Inflation can be a scary word, but there’s nothing to fear in new numbers released this week.

Government data that came out Thursday showed prices for the most common consumer goods -- one of our standard measures of inflation -- jumped 0.3 percent in April and were up 2 percent over the past year. That’s nearly double the pace of increase just two months ago.

The news comes on the heels of a report showing a spike in the prices that businesses are able to charge for what they produce. The so-called producer price index rose 0.6 percent in April, nearly three times what analysts were expecting.

The numbers are just a snapshot of price changes in one month against a backdrop of a year of persistent underperformance. Yet they were enough to revive the dreaded specter of inflation, with former Federal Reserve Chairman Alan Greenspan arguing Wednesday that “the presumption that it’s no longer on the horizon … is a mistake.”

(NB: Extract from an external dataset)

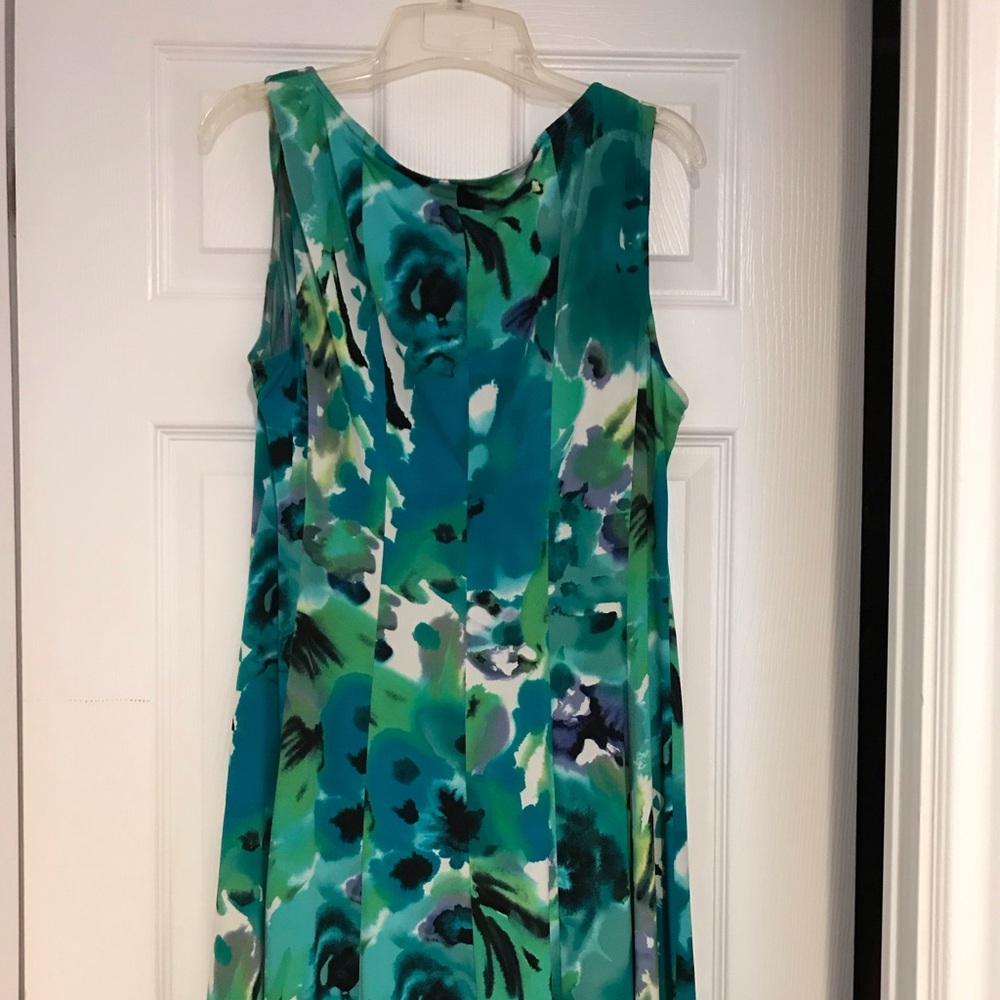 Multi shades of green sleeveless Summer dress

But let’s look at the last time that inflation as measured by the 12-month change in the consumer price index hit 2 percent. It was in July, with broad increases in prices for apparel, tobacco and food. The numbers were released on the same day as data showing new claims for unemployment benefits over the past week hit a six-year low. Stock markets tumbled as investors worried the reports would spook the Fed into ending its stimulus campaign early.

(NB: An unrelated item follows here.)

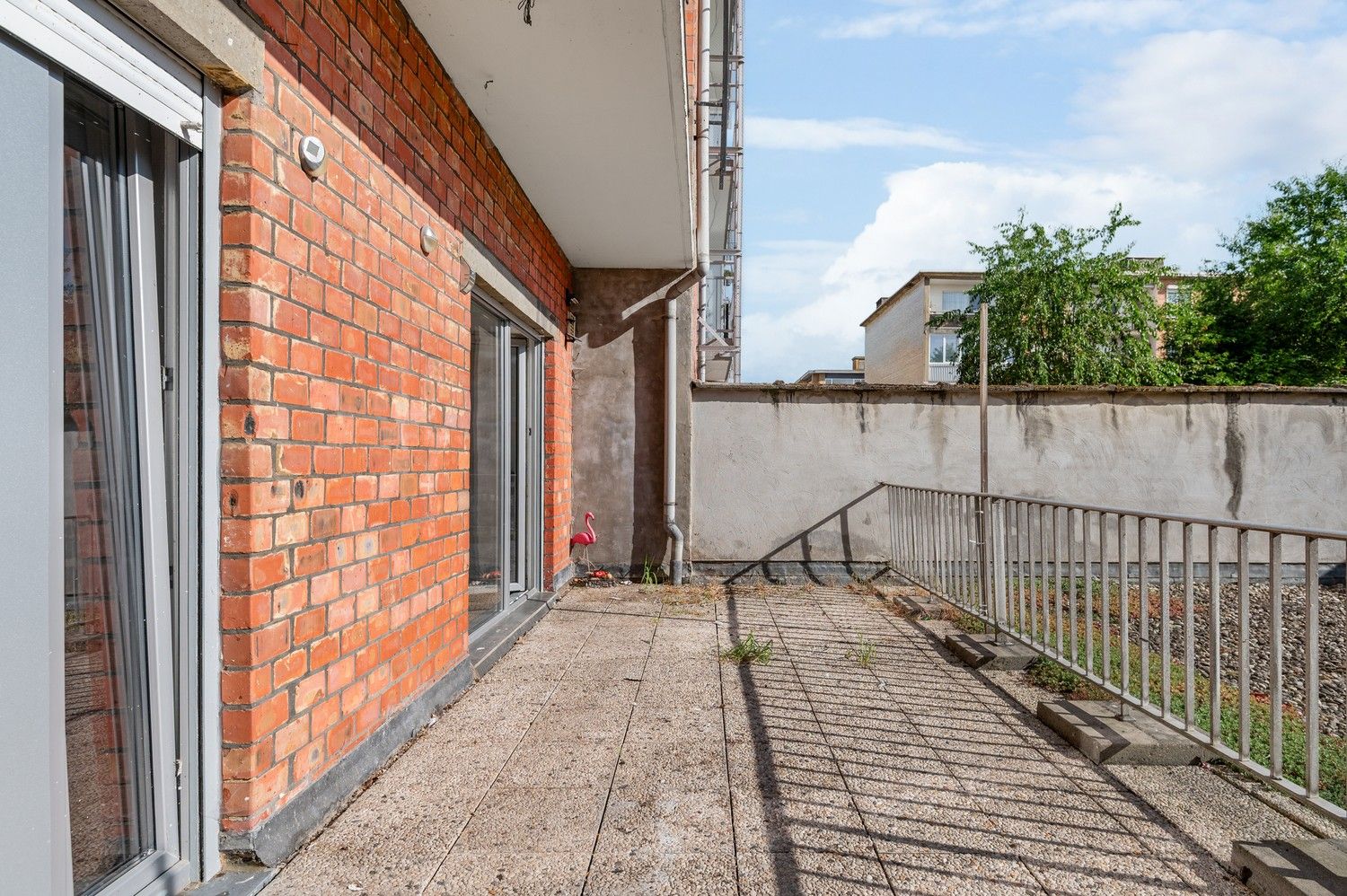 Ruim gelijkvloers appartement met 3 slaapkamers en terras in Deurne! foto 15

Now here’s what actually happened: Just three months later, inflation hit a post-recession low of 0.9 percent. The Fed surprised Wall Street by waiting until the end of the year to announce it would start scaling back its support for the economy. And stock markets rallied to record highs.

There’s also a philosophical shift underway. The 1970s were a harsh lesson in the dangers of unchecked inflation -- one that few who lived through that era can forget. But rising prices do not always lead to runaway inflation, just as tapping the gas pedal on your car is not the same as flooring it.

Rising prices are a sign of growing consumer demand -- and that demand is the engine of the American economy. A little bit of inflation also helps reduce the cost of doing business, which means companies can hire more people. And inflation makes debt easier to pay off, which anyone with a student loan or a mortgage can appreciate.

Indeed, one of the most puzzling aspects of the recovery over the past year has been why inflation has remained so low -- not just in the United States but across the globe. The European Central Bank is debating options for injecting more stimulus to the region to combat the problem of low inflation. Within the U.S. central bank, several officials have argued that persistently low inflation is a reason to keep juicing the recovery.

In fact, the Fed has been falling far short of its 2 percent goal for inflation. According to its preferred measure, which is derived from consumer spending data, inflation is running at just over 1 percent. That means that the Fed actually wants inflation to start rising so it can meet its target.

Of course, that message may be lost on Wall Street. In mid-afternoon, all three of the major U.S. stock indexes were down about 1.25 percent. But it's not the first time in this recovery that good news has gotten garbled.